> _Problem_
Could you please reproduce all the records below exactly, leaving out the images?

Web page caption snippets
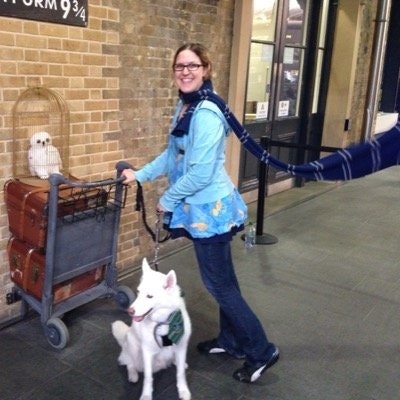 Rachael Oh-Yes-It-Is Bellis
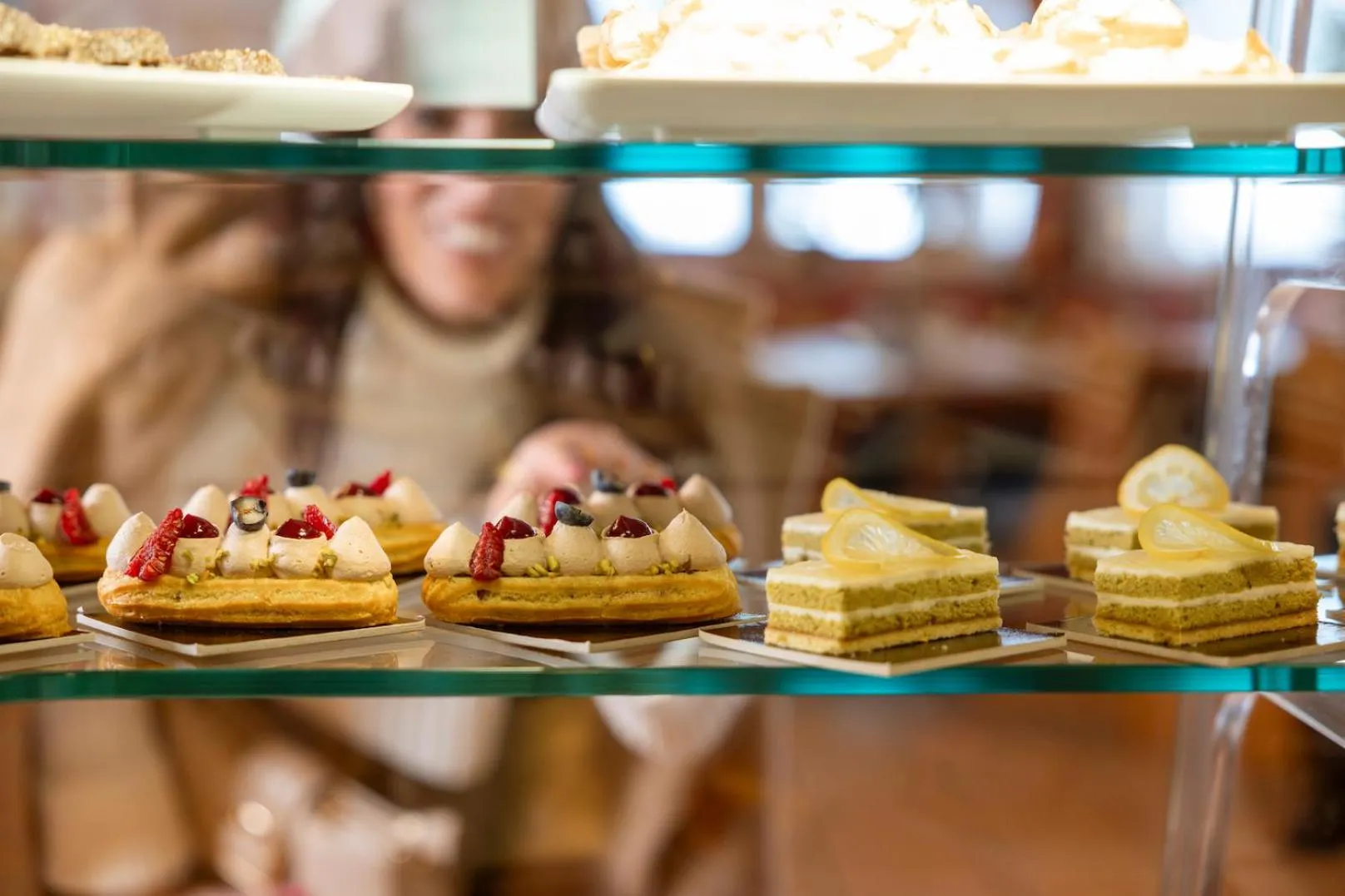 Restaurant/places to eat in Sport Hotel Cristal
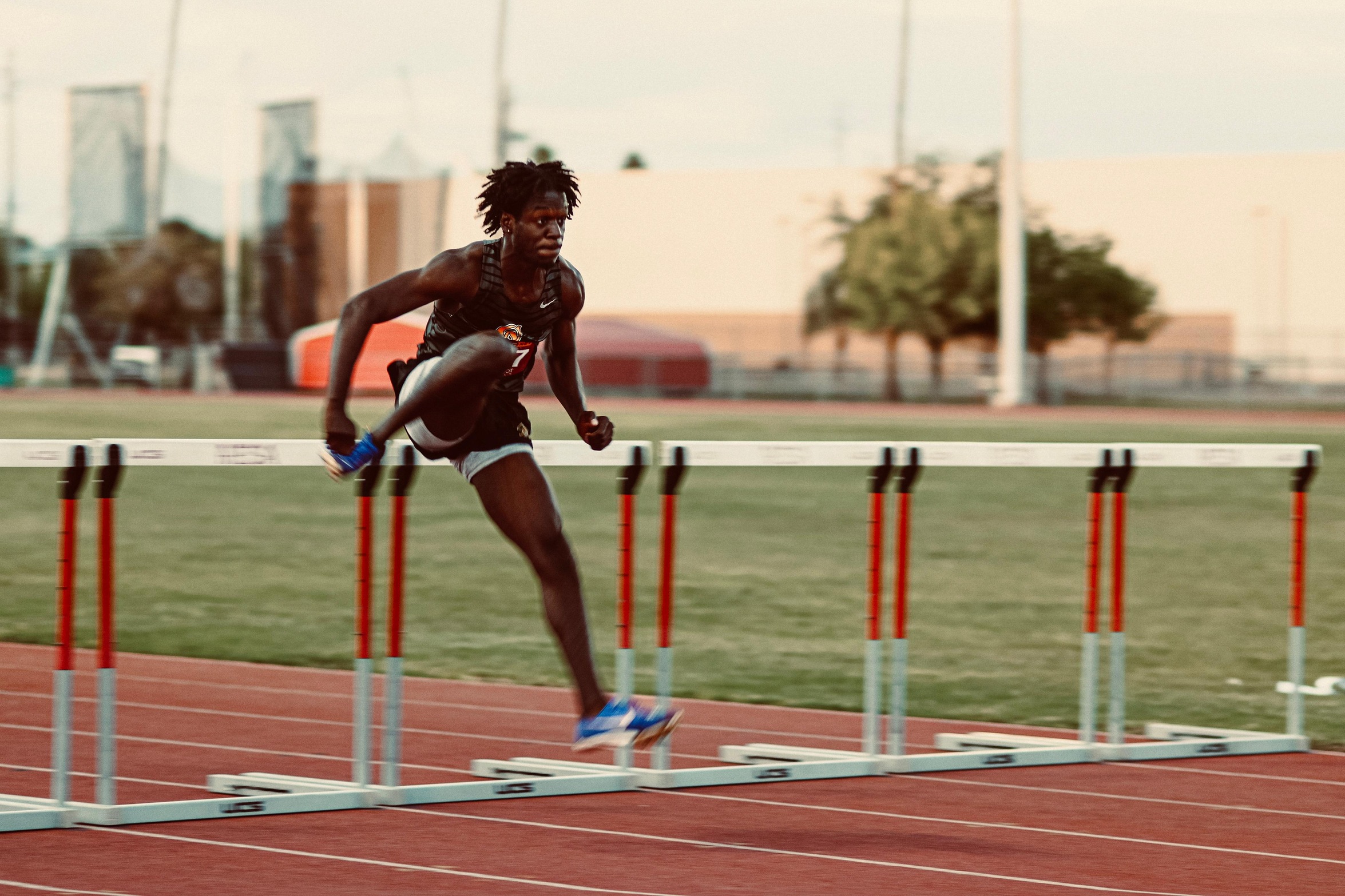 Track and Field Shines at PVCC Indoor Invitational with Eight New National Qualifiers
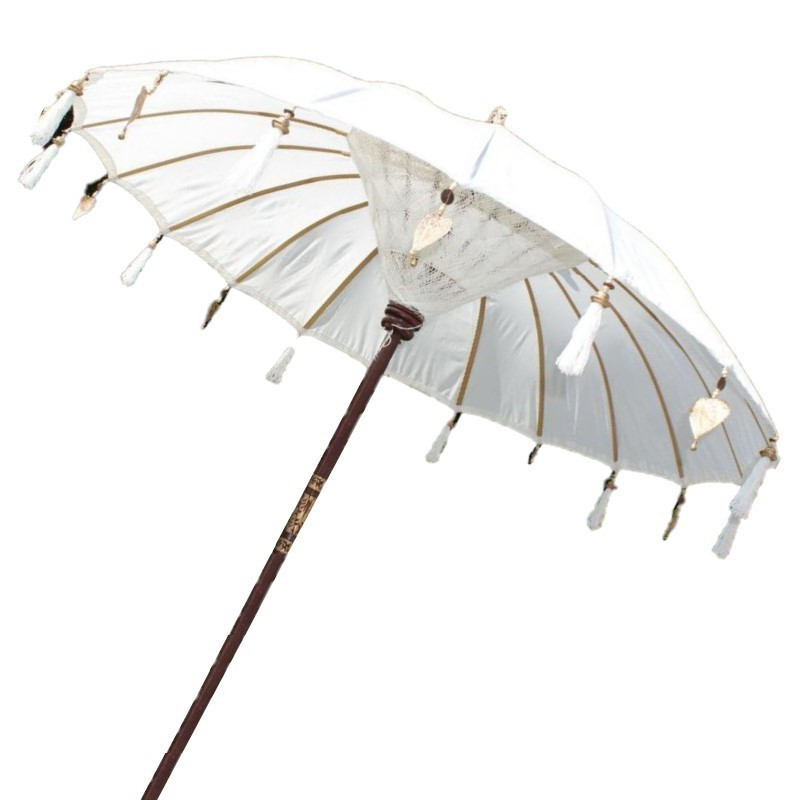 Parasol balinais 2m Parasol balinais 2m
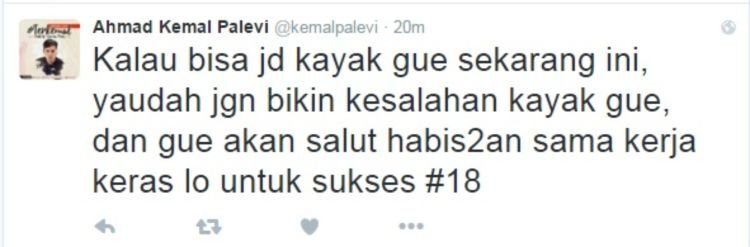 Isengnya Kemal Palevi Nanya Ukuran BH. Duh Bang Kemal 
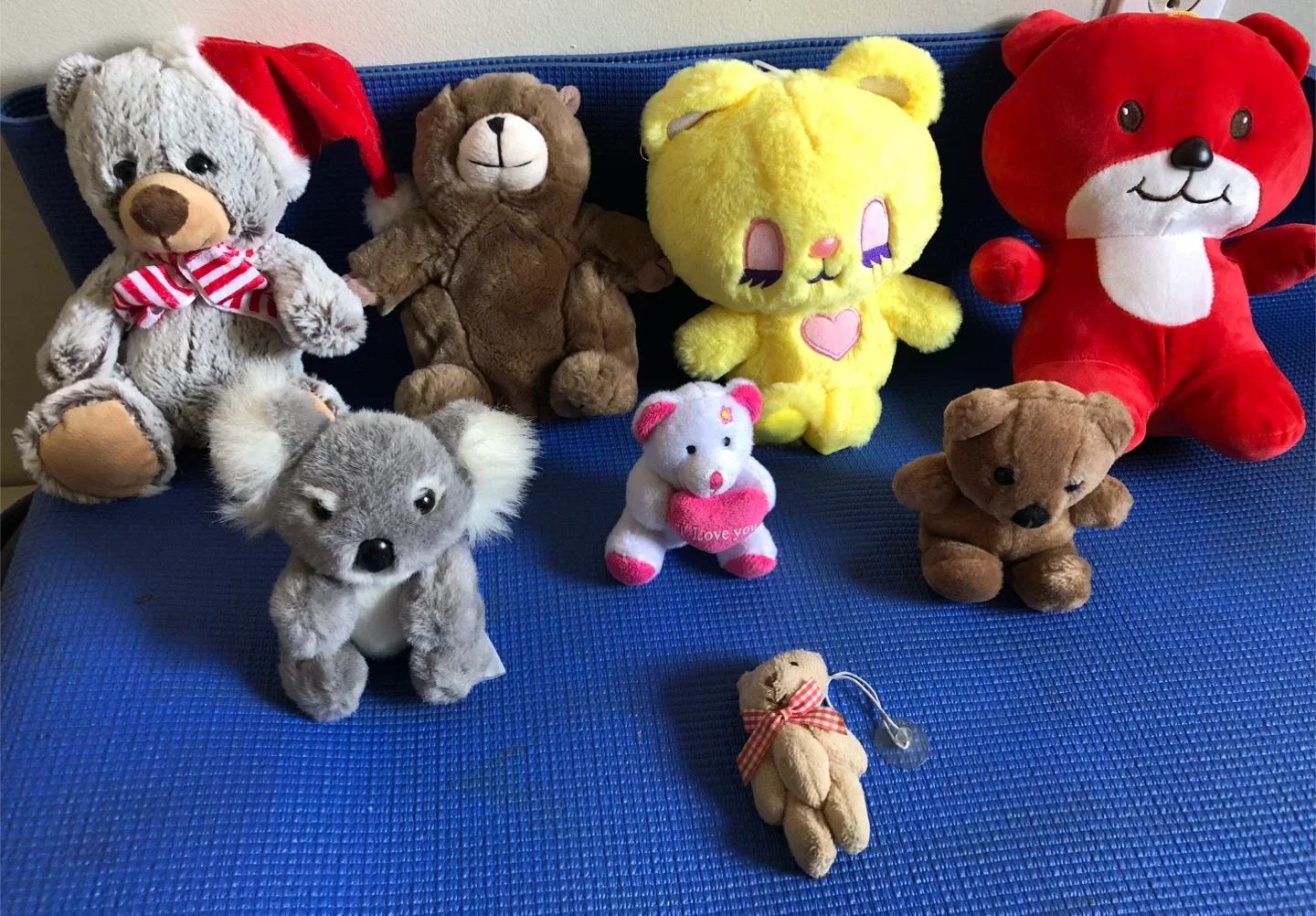 Assorted Plush Toys - Teddy Bears & More!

> _Solution to this problem_
 Rachael Oh-Yes-It-Is Bellis
 Restaurant/places to eat in Sport Hotel Cristal
 Track and Field Shines at PVCC Indoor Invitational with Eight New National Qualifiers
 Parasol balinais 2m Parasol balinais 2m
 Isengnya Kemal Palevi Nanya Ukuran BH. Duh Bang Kemal 
 Assorted Plush Toys - Teddy Bears & More!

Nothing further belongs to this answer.